Where does the UK go from here in terms of trade and commerce? The pro-Brexit leadership has constantly pointed to the country’s long and strategic partnership with the United States. That would essentially mean that the trade partnership between the U.S. and the UK would grow. But as the post-Brexit Britain finds out the world is a different place now. The emergence of China as a major economic player and re-emergence of Russia as a political force seem to complicate the situation. Only recently a controversy surfaced between London and Washington when the latter opposed allowing Huawei access to British 5G industry contending that the Chinese companies should not be allowed to control the future of the internet. America has imposed a ban on Huawei among other companies of Chinese origin. However, the British government decided to go ahead and allow Huawei a role in the infrastructure development. 

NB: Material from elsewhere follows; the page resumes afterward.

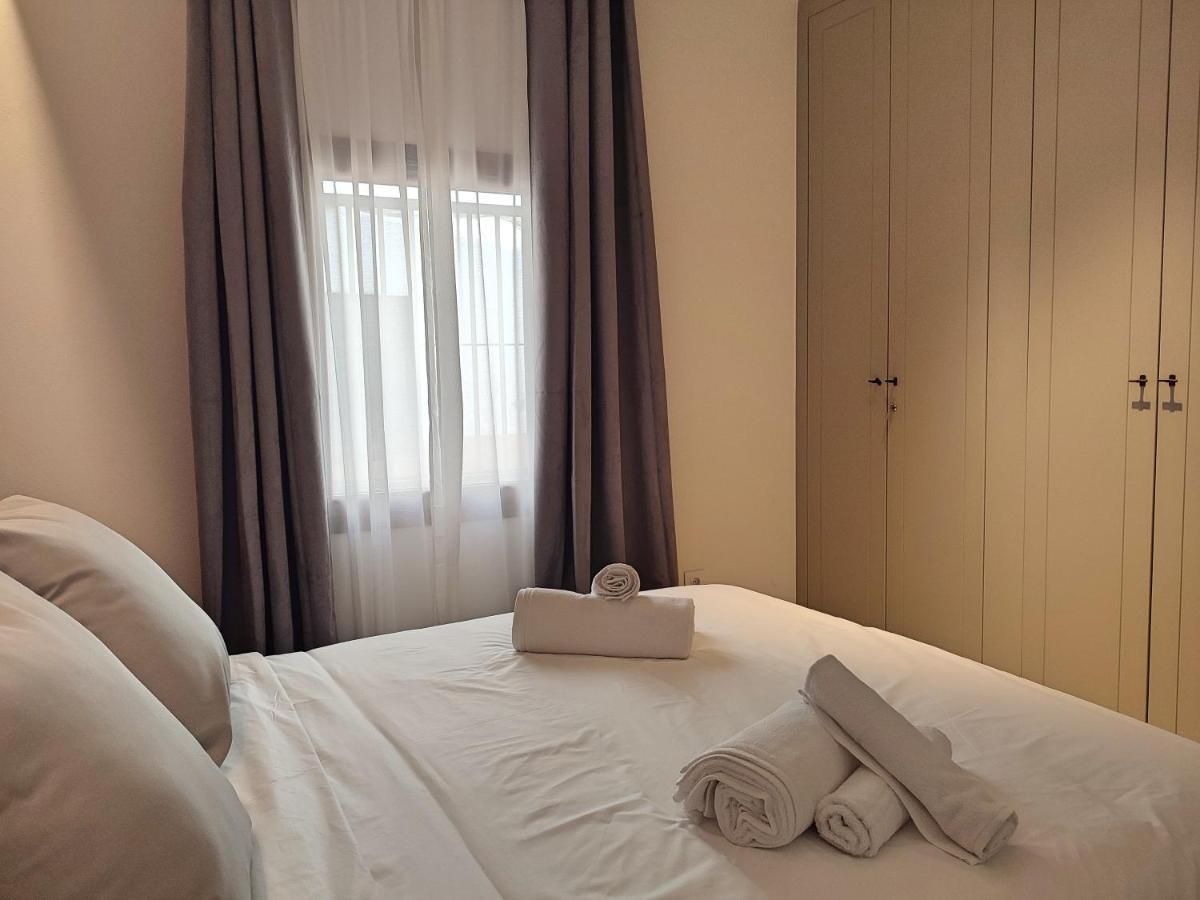 Alojamiento San Basilio Suite กอร์โดบา ภายนอก รูปภาพ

Then there is the matter of America’s transactional approach to trade policy under President Trump. Recently, the British government decided to impose a digital services tax on big technology giants, a majority of whom is American. Mr. Trump indicated that he may reciprocate by imposing duties on British car exports to the U.S. If this trend persists, to the British it may seem like a deal that swaps one big brother for another, hardly the kind of relationship that it was looking for when it decided for the withdrawal from the EU. It doesn’t mean that things cannot improve. The Trump administration is actively working to conclude a trade deal with Britain. If such a deal can remove the kinks from the system, it may work to allay the British concerns. But for now, the situation does not seem free of troubles.
It has been widely speculated for some time that the UK may find a willing partner in China. For a little while there was also a talk of Britain joining the China-Pakistan Economic Corridor or any other part of the Belt and Road Initiative (BRI). Britain’s stand on Huawei has already lent some credence to such speculation. However, the British desire to have maximum control on its economic destiny may come in the way of forging such a partnership as it significantly deviates from the BRI business model. 

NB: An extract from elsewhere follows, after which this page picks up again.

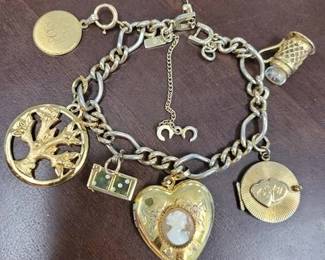 7534 - Charm Bracelet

For Pakistan, the Brexit realities pose many serious challenges. The EU is among the country’s largest trade partners. It was with the British help that Pakistan managed to get the preferential GSP Plus status. However, if the UK does not get full market access to the European market, Pakistan’s exports may seriously suffer. This matter has constantly surfaced in the list of items flagged by the country’s foreign office. However, for long it has remained absent from the country’s political discourse and the media debates. A dilution of the preferential trade partner status may immediately require two separate agreements with the UK and the EU. There is, however, some good news for the expatriate community in the UK. As the immigration of Eastern European workers is reduced to a trickle, the relatives of the Britons of South Asian origin may find more room to work in the UK.